CEO, Basho Technologies, Inc.
July 30, 2010
What is riak_core?
riak_core is a single OTP application which provides all the services necessary to write a modern, well-behaved distributed application.
riak_core began as part of Riak. Since the code was generally useful in building all kinds of distributed applications we decided to refactor and separate the core bits into their own codebase to make it easier to use.
Distributed systems are complex and some of that complexity shows in the amount of features available in
riak_core. Rather than dive deeply into code, I’m going to separate the features into broad categories and give an overview of each.
Node Liveness & Membership
riak_core_node_watcher is the process responsible for tracking the status of nodes within a riak_core cluster. It uses
net_kernel to efficiently monitor many nodes.
riak_core_node_watcher also has the capability to take a node out of the cluster programmatically. This is useful in situations where a brief node outage is necessary but you don’t want to stop the server software completely.
riak_core_node_watcher also provides an API for advertising and locating services around the cluster. This is useful in clusters where nodes provide a specialized service, like a CUDA compute node, which is used by other nodes in the cluster.
riak_core_node_watch_events cooperates with
riak_core_node_watcher to generate events based on node activity, i.e. joining or leaving the cluster, etc. Interested parties can register callback functions which will be called as events occur.
Partitioning & Distributing Work
riak_core uses a master/worker configuration on each node to manage the execution of work units. Consistent hashing is used to determine which target node(s) to send the request and the master process on each node farms out the request to the actual workers.
riak_core calls worker processes
vnodes. The coordinating process is the
The partitioning and distribution logic inside
riak_core also handles hinted handoff when required. Hinted handoff occurs as a result of a node failure or outage. In order to assure availability, most clustered systems will use operational nodes in place of down nodes. When the down node comes back the cluster needs to migrate the data from its temporary home on the substitute nodes to the data’s permanent home on the restored node. This process is called hinted handoff and is managed by components inside
riak_core also handles migrating partitions to new nodes when they join the cluster such that all work continues to be evenly partitioned to all cluster members.
riak_core_vnode_master starts all the worker vnodes on a given node and routes requests to the vnodes as the cluster runs.
riak_core_vnode is an OTP behavior wrapping all the boilerplate logic required to implement a vnode. Application-specific vnodes need to implement a handful of callback functions in order to participate in handoff sessions and receive work units from the master.

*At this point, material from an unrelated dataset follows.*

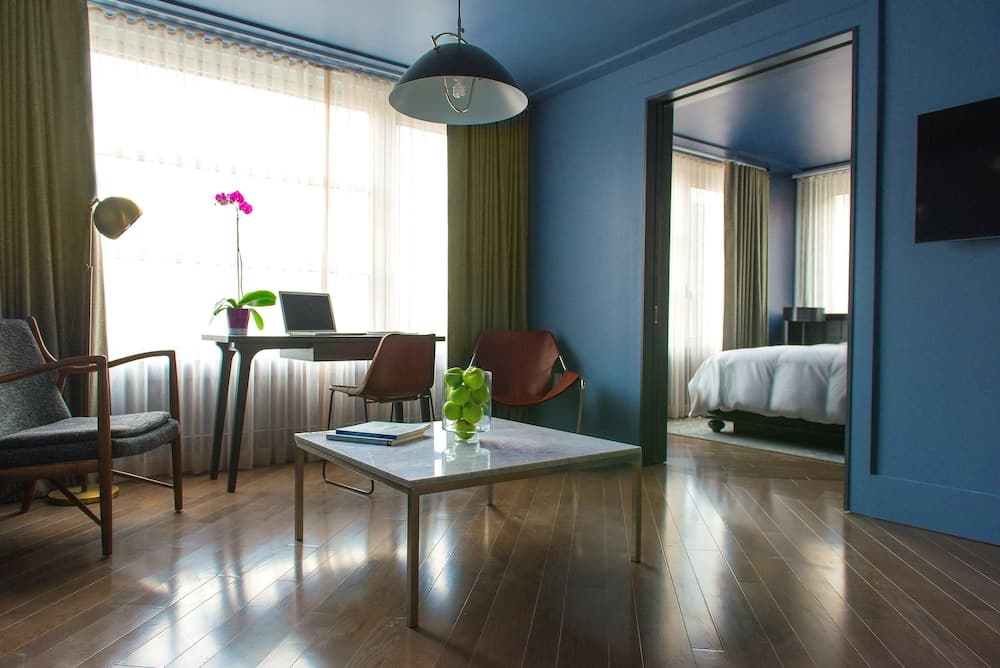 The Tillary Hotel Brooklyn gallery photo in Brooklyn, NY — image 38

A riak_core cluster stores global state in a ring structure. The state information is transferred between nodes in the cluster in a controlled manner to keep all cluster members in sync. This process is referred to as “gossiping”.
riak_core_ring is the module used to create and manipulate the ring state data shared by all nodes in the cluster. Ring state data includes items like partition ownership and cluster-specific ring metadata. Riak KV stores bucket metadata in the ring metadata, for example.
riak_core_ring_manager manages the cluster ring for a node. It is the main entry point for application code accessing the ring, via
riak_core_ring_manager:get_my_ring/1, and also keeps a persistent snapshot of the ring in sync with the current ring state.
riak_core_gossip manages the ring gossip process and insures the ring is generally consistent across the cluster.
What’s the plan?
Over the next several months I’m going to cover the process of building a real application in a series of posts to this blog where each post covers some aspect of system building with
riak_core. All of the source to the application will be published under the Apache2 licensed and shared via a public repo on github.
And what type of application will we build? Since the goal of this series is to illustrate how to build distributed systems using
riak_core and also satisfy my own technical curiosity I’ve decided to build a distributed graph database. A graph database should provide enough use cases to really exercise
riak_core while at the same time not obscuring the core learning experience in tons of complexity.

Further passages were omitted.